I'm horrified that you are all living your lives on edge, having to moderate what you say, depending on his moods.

It's not only you who are having to deal with all the stress and upset, it's your children too.

What justification do you have for doing this to your children ? That life will be 'easier' or 'better' if you all tiptoe round his mood ?

I'm afraid that you already have the evidence that proves otherwise, don't you ?

I'm sorry if this sounds harsh, but you need to be a better protector and role model for your children than that.

You need to show them that they are your priority, not him ! (Is he not an adult, who is supposed to be able to control his emotions ??)

How well do you think your DC will do in their exams etc, when they are having to live with an emotional pressure cooker at home ??
How do you think they will choose to 'vent' their frustrations ??

Make no mistake, your husband chooses to verbally abuse you, and he doesn't give 2 shiny shits if the DC and you are suffering because of his actions !

At the very least, I'd be telling him to apologize to the DC for his behaviour last thursday, and telling him (in front of the DC if need be) that if he ever does it again, then you're calling it quits and getting a divorce.He needs to know that you've all had it with him and his verbal assaults.

MaMaD1990 · 02/06/2021 07:06

It seems to me like the communication between you both is horrendous.
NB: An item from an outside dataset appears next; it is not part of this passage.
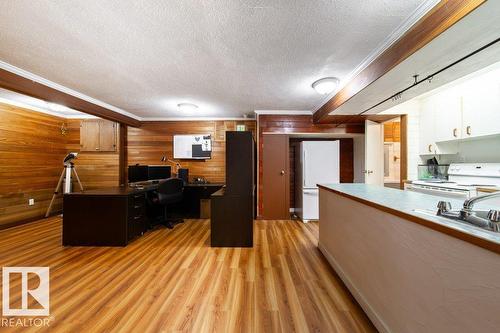 4224 89 St Nw, Edmonton, AB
You should ask him to do things and if he comes back with his usual answer of "you do x too", just tell him yes I do, I'll work on it if you can too please. A sit down talk with him so you can both air your differences calmly may help - not having an argument but respectfully telling eachother what you're feeling. Giving him the 3 strikes and your out approach is great, if he's been pre warned and given the opportunity to change based on an actual conversation about your differences. He is being massively twatty but perhaps something about you irritates him and you're both not able to communicate with eachother properly.

bigbaggyeyes · 02/06/2021 07:57

I'd do exactly what he told you to do. In your position I would 'fuck right off'

And why are YOU having to apologies to the dc, he should be the one to apologise to them not you!

Lumene · 02/06/2021 08:01

Sounds like you had to be there tbh. Can’t really tell without hearing both sides of the story.

F off is not brilliant but not terminal depending on the context IMO. I wouldn’t be ok with that in kids earshot though.